------ Exercise data ------

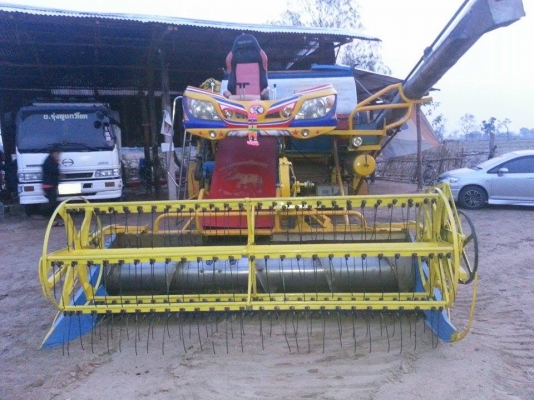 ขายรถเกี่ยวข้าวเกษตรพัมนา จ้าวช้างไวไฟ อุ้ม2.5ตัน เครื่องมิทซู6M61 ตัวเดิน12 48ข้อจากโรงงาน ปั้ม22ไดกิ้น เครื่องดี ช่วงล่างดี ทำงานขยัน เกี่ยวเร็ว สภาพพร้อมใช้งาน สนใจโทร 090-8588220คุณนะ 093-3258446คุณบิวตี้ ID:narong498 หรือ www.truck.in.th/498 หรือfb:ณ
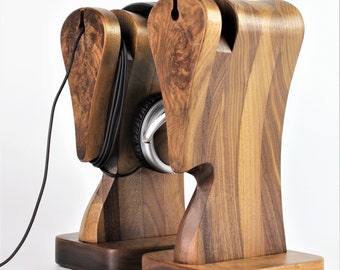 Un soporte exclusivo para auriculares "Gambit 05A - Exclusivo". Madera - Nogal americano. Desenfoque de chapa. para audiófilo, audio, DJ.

------
------ Exercise data ------

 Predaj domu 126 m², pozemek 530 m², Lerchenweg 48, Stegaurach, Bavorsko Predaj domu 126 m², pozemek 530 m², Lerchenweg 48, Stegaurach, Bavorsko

------
------ Exercise data ------

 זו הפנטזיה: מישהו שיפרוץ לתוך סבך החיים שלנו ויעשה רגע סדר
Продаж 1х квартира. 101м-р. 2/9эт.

------

Activity
Your task for the entries above: copy exactly the span starting with the line with "זו הפנטזיה: מישהו" and going on through the line with "Продаж 1х квартира. 101м-р. 2/9эт.", both lines included, and nothing else.

Answer space
 זו הפנטזיה: מישהו שיפרוץ לתוך סבך החיים שלנו ויעשה רגע סדר
Продаж 1х квартира. 101м-р. 2/9эт.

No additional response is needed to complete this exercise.